# Task
Every entry that follows is to be set down exactly, with its pictures omitted.

______________________________

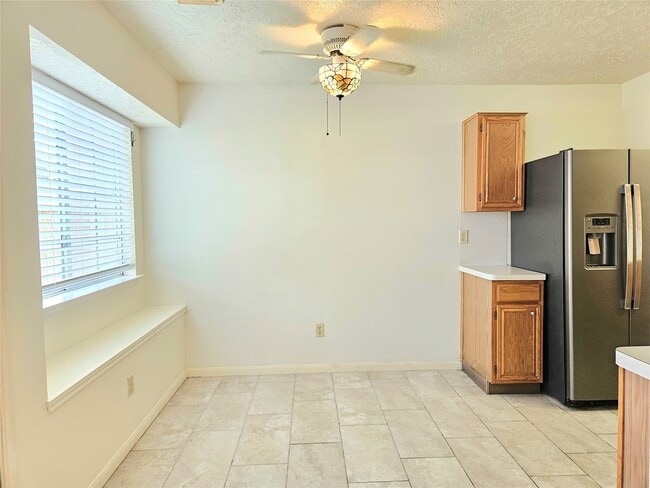 Building Photo - 13814 Dentwood Dr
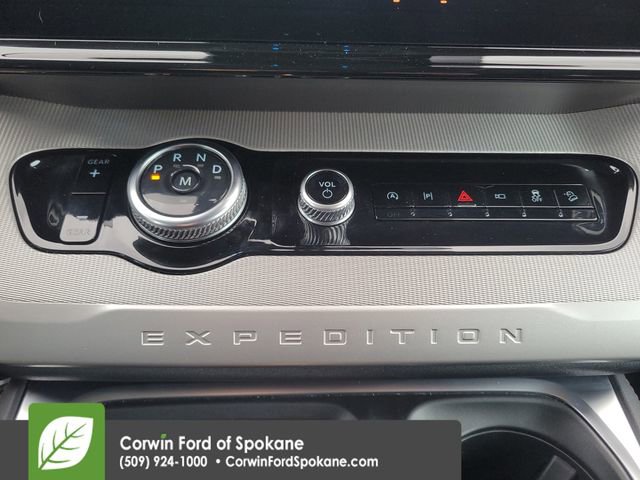 Certified 2025 Ford Expedition Active AWD/4WD image 36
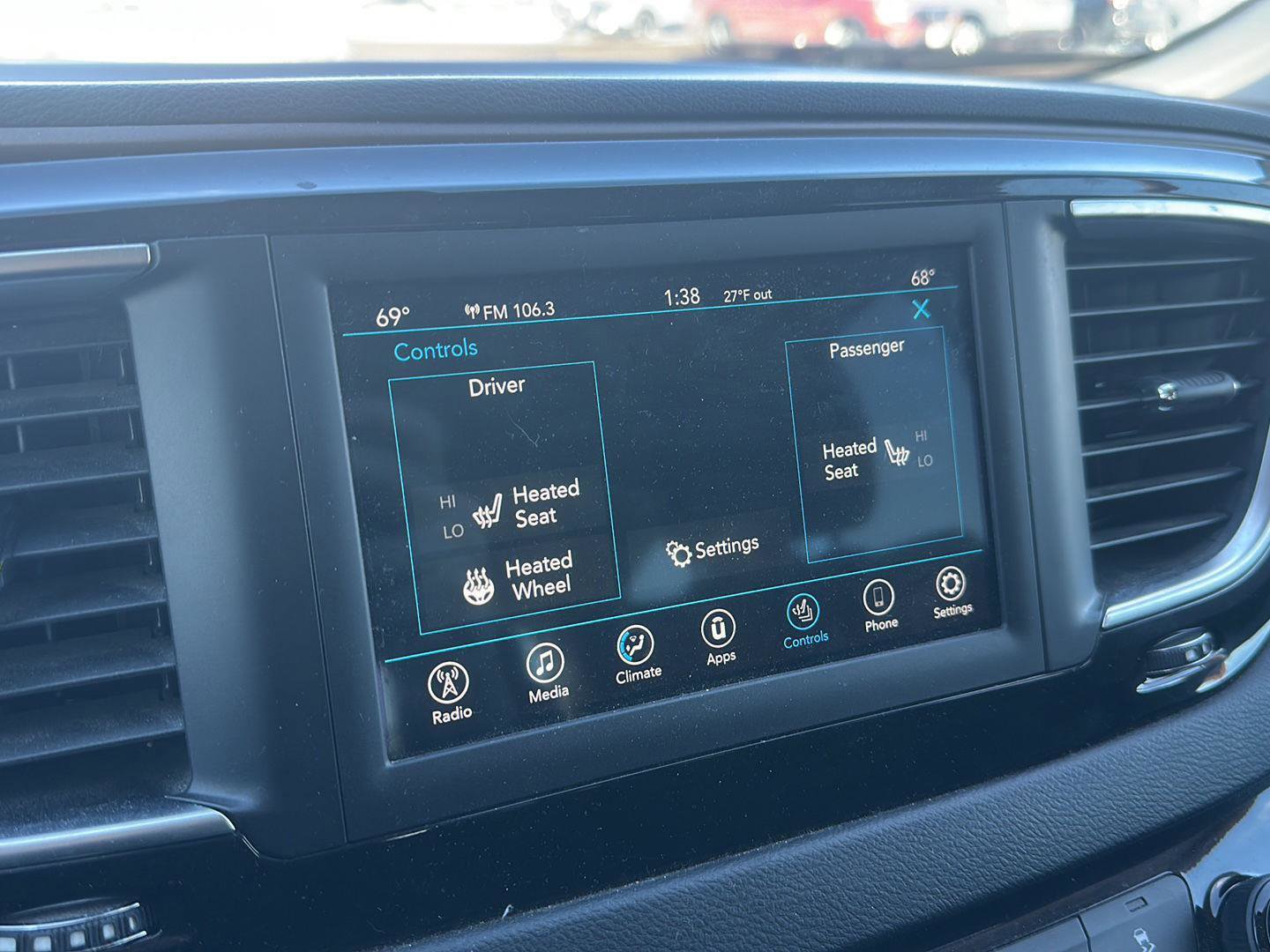 Used 2019 Chrysler Pacifica Touring Plus w/ Cold Weather Group image 18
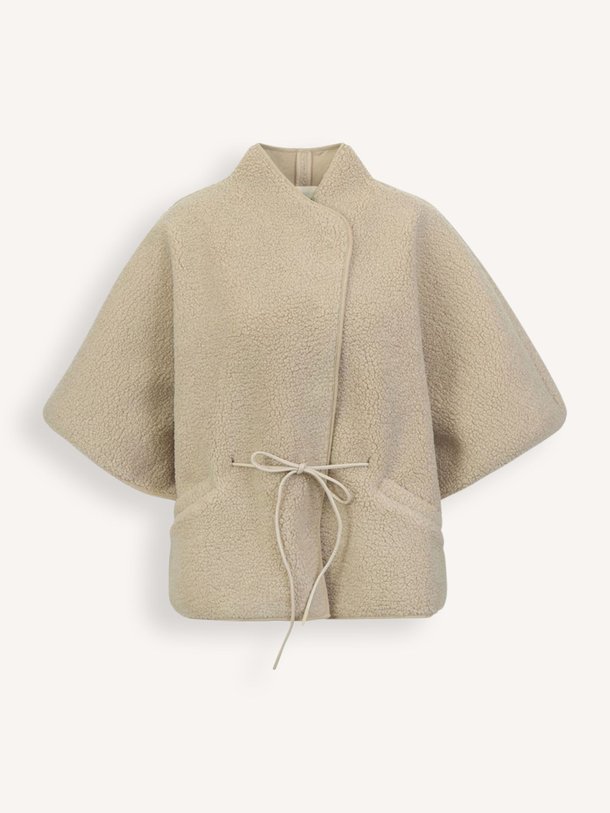 Ontdek de Noelle teddy jack van Club L`avenir in de kleur Zand bij Orangebag. Op werkdagen voor 21:45 besteld, morgen in huis.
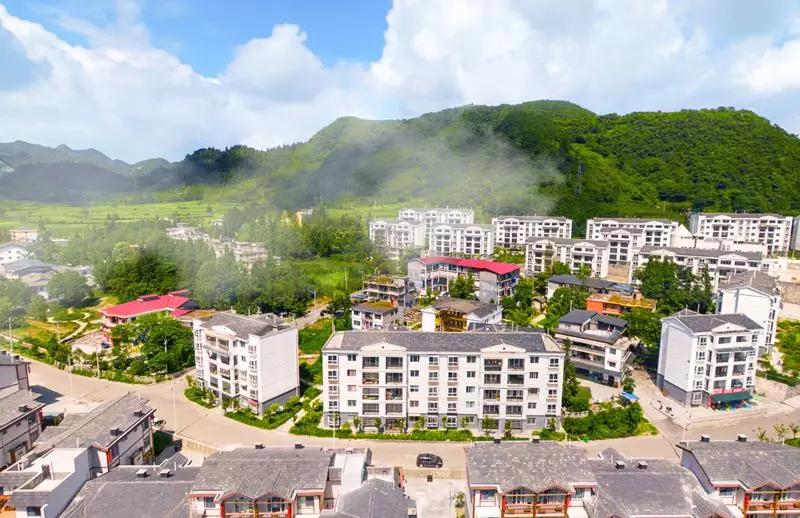 青山如黛,人间仙景的避暑小镇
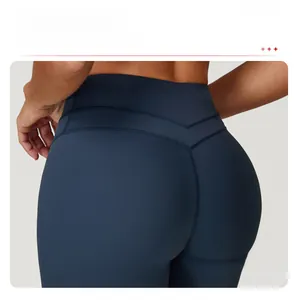 Gros plan sur un short de fitness taille haute avec coutures en V pour un effet galbant fessier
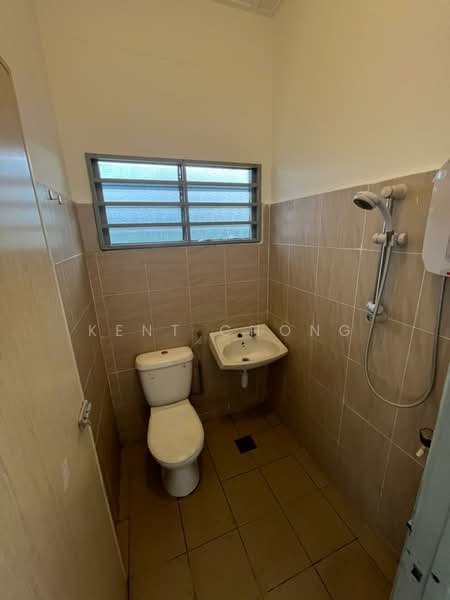Rumah Teres 1 Tingkat untuk Dijual di Taman Bukit Mewah (Kajang) - Kent Chong - Bathroom - PropertyGuru.com.my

______________________________

# Exercise response
 Building Photo - 13814 Dentwood Dr
 Certified 2025 Ford Expedition Active AWD/4WD image 36
 Used 2019 Chrysler Pacifica Touring Plus w/ Cold Weather Group image 18
 Ontdek de Noelle teddy jack van Club L`avenir in de kleur Zand bij Orangebag. Op werkdagen voor 21:45 besteld, morgen in huis.
 青山如黛,人间仙景的避暑小镇
 Gros plan sur un short de fitness taille haute avec coutures en V pour un effet galbant fessier
Rumah Teres 1 Tingkat untuk Dijual di Taman Bukit Mewah (Kajang) - Kent Chong - Bathroom - PropertyGuru.com.my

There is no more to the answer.